Und doch gibt es noch immer Kritiker unter ihren Kolleginnen und Kollegen, die unserer Klage nicht stattgeben wollen und die Wichtigkeit bezweifeln. Das spüre ich hinter meinen Öhrchen.“

„Mein sehr geehrter Herr Rask- ich meine Hamster Raskolnikow – bitte verstehen sie mich nicht falsch. Sie haben ihre Beweggründe überzeugend dargelegt.“

„Darf ich annehmen, dass Sie nun Einwände erheben?“

„Ja. Das dürfen sie. Wir sind bei der Beurteilung ihres Falls nach wie vor erstaunt, was sie erstreiten möchten. Sie hätten sich dafür einsetzen können, dass ihre Art mehr Auslauf erhält. Kleine Hamsterkäfige EU-Weit verboten werden und sich die Situation der Hamster generell verbessert.
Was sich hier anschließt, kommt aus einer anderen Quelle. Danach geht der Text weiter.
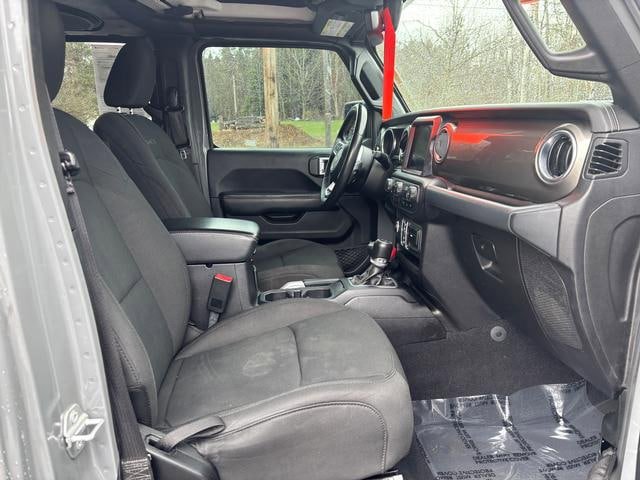 Used 2018 Jeep Wrangler Unlimited Sahara AWD/4WD image 15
Aber sie -„

„Herr Richter von Danwitz, gerade dass sie die Wichtigkeit und Richtigkeit meiner Forderungen anzweifeln bestärkt mich noch mehr darin, sie vehement zu betonen und einzufordern.“

Die im Gerichtssaal aufgereihten Hamster nicken einstimmig. Graue, rötliche, goldene und weiße Härchen wippen dabei auf und ab. Einige von Ihnen tragen das eigens gestaltete Kampagnenshirt „Freiheit und Ehre des Rads“.
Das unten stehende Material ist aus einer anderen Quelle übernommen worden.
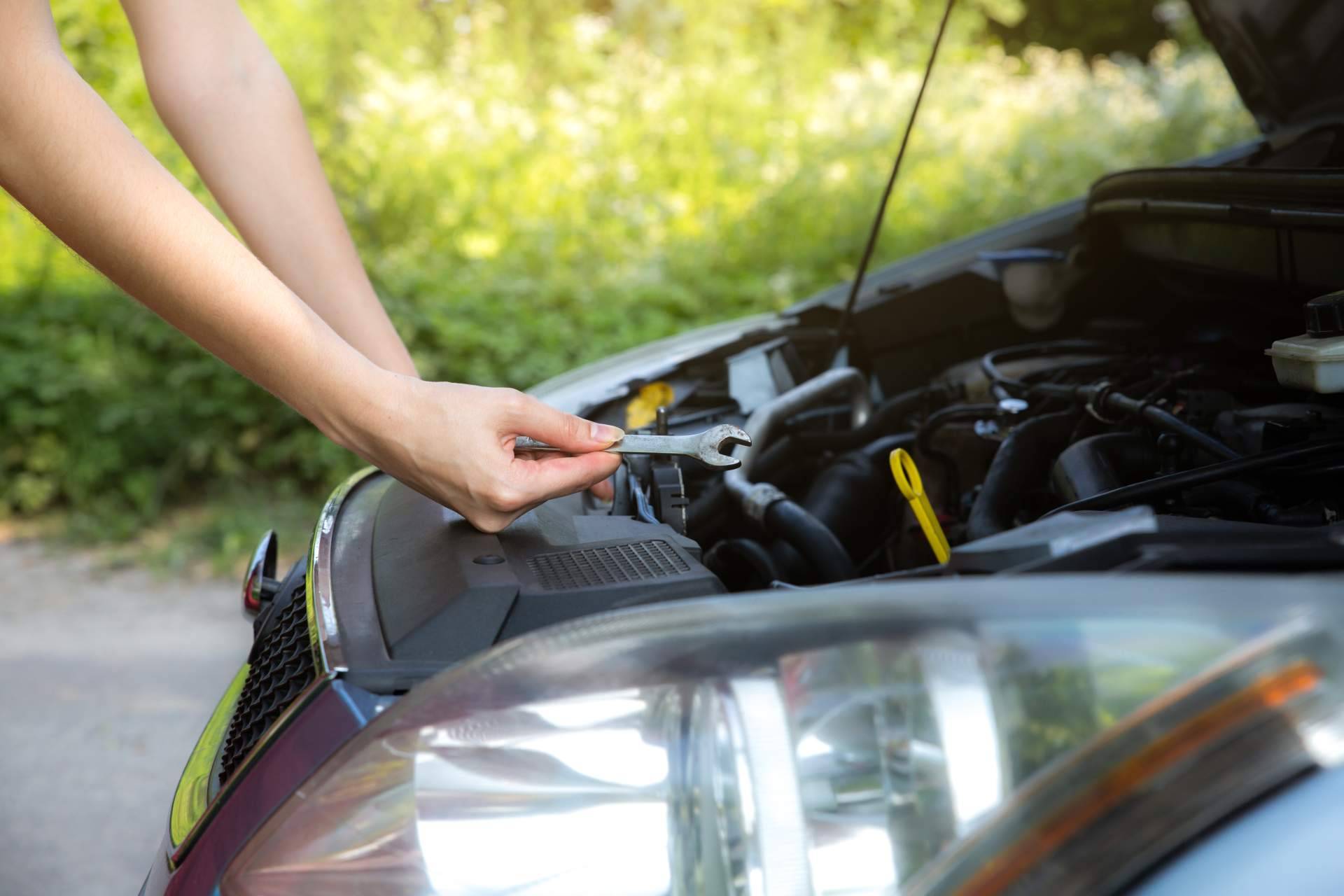 Compra de coches averiados; del abandono al reciclaje con recogida gratuita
„Dass ich sie richtig verstehe – all ihre Bemühungen, sich vor diesem Gericht Gehör zu verschaffen. Die vielen Formalien und Akten. Ihre weite Anreise nach Straßburg. All das, weil Sie es als Grundrecht der Hamster verstehen, dass das so bezeichnete Hamsterrad nicht länger in der Populärpresse als etwas Negatives diffamiert wird? Sie fordern positive Berichterstattung und darüber hinaus Subventionen für die Hersteller?“

„Genau das ist mein Anliegen Sir, bei meinem letzten Sonnenblumenkern.
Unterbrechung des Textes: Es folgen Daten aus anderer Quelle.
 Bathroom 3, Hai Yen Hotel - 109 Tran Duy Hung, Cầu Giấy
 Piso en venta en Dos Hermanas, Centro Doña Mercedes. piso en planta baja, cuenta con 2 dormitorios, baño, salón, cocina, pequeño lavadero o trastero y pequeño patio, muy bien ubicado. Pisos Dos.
Sie müssen es begreifen. Auch ich habe viele Jahre verzweifelt versucht mit meinen Zähnen die Gitterstäbe meines Käfigs zu durchbeißen. Das knatternde Metall war mehr als ein Hilferuf. Es war ein Schrei nach Leben. Und die einzige Antwort, die ich in all diesen Jahre in meiner Gefangenschaft finden konnte, war, dass Gott gütig ist. Dass Gott mir ein Rad geschenkt hat, damit ich die Gefangenschaft ertragen kann. Und dass Sie, verehrte Menschen, dieses letzte Symbol der Hoffnung auf freie Bewegung, diesen glücklichsten aller Zeitvertreibe, den Ausgleich für meine Gefangenschaft und den meiner Mithamster in ihren Medien verunglimpfen – als etwas nahezu Bösartiges, dem man ein Ende bereiten sollte, ist eine Schandtat zu viel. Deswegen – heute und für alle Zeiten – soll das Hamsterrad als der Segen wahrgenommen werden, der es ist. Wir fordern Freiheit! Die Freiheit, die ich meine, gilt der Ehre des Rads. Ab heute und für alle Zukunft. Wir wollen nie wieder hören müssen, wie unangenehme Menschenarbeit mit einem Hamsterrad gleichgesetzt wird, um die Zumutungen zu unterstreichen. Suchen Sie sich dafür ein anderes Symbol! Denn wenn wir Hamster schon nicht das Gefühl beim Rennen durch das knisternde Unterholz in den Wäldern genießen dürfen, dann soll wenigstens unser Symbol der Hoffnung Anerkennung finden. Wir können bei aller Mühe, die wir uns geben, nicht jeden Hamster sofort befreien. Aber das Rad schenkt Leben. Eine Chance nicht einzugehen an einem ansonsten trostlosen Ort, von dem man nicht weggehen kann.“

 

Diese Ansprache bewegte nicht nur Richter von Danwitz. Schon bald titelten die größten Medien weltweit

„Das Rad wurde neu erfunden.“

Und Raskolnikow wurde zu einem gefeierten Held für Hamsterrechtsverletzungen. Niemand wusste von seiner stillen Beteiligung an der Wheel AG. So verdiente sich der graue Hamster eine goldene Nase an den gestiegenen Absatzzahlen für Hamsterräder. Fortan wurden sie als Dekoobjekt auch in Haushalten ohne Haustier zur Mode. Es war aus Raskolnikows Sicht nichts verwerflich daran, Geld mit etwas zu verdienen, von dem er überzeugt war, dass es die Welt besser machte. In Straßburg selbst wurde ab dem Richterspruch für 2027 die feste Installation eines Hamsterrads in Größe eines Hauses geplant. Das neu gewonnene Freiheitssymbol erfreute sich als Touristenmagnet direkt nach seiner Fertigstellung größerer Beliebtheit als die von den Franzosen an New York gestiftete Freiheitsstatue.